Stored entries
——————————
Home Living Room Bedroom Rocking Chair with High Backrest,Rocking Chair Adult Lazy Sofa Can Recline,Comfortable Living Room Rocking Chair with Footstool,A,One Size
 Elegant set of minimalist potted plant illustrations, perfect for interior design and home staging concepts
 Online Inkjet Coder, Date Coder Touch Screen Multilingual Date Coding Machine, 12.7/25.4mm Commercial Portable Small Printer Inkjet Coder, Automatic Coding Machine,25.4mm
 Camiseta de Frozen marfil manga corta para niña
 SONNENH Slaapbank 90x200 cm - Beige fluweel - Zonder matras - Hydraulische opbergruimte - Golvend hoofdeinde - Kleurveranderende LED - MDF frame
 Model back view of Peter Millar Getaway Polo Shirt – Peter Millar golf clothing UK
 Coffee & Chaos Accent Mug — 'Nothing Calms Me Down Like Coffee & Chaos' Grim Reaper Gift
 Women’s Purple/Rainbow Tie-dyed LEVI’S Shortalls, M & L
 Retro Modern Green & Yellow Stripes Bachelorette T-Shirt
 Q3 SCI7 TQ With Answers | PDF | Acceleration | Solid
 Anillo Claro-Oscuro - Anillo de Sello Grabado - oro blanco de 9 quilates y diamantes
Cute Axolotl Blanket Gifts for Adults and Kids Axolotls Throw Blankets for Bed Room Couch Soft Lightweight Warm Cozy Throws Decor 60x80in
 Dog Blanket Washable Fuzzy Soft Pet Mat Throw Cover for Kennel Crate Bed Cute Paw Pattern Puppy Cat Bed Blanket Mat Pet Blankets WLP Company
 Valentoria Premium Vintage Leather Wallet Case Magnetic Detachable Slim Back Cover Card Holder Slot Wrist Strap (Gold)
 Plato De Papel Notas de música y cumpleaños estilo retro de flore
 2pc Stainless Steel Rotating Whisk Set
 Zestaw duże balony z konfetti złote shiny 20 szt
——————————
Looking at the records above, return exactly the lines from the line with "SONNENH Slaapbank 90x200" to the line with "Model back view", both ends included.

Result ▸
 SONNENH Slaapbank 90x200 cm - Beige fluweel - Zonder matras - Hydraulische opbergruimte - Golvend hoofdeinde - Kleurveranderende LED - MDF frame
 Model back view of Peter Millar Getaway Polo Shirt – Peter Millar golf clothing UK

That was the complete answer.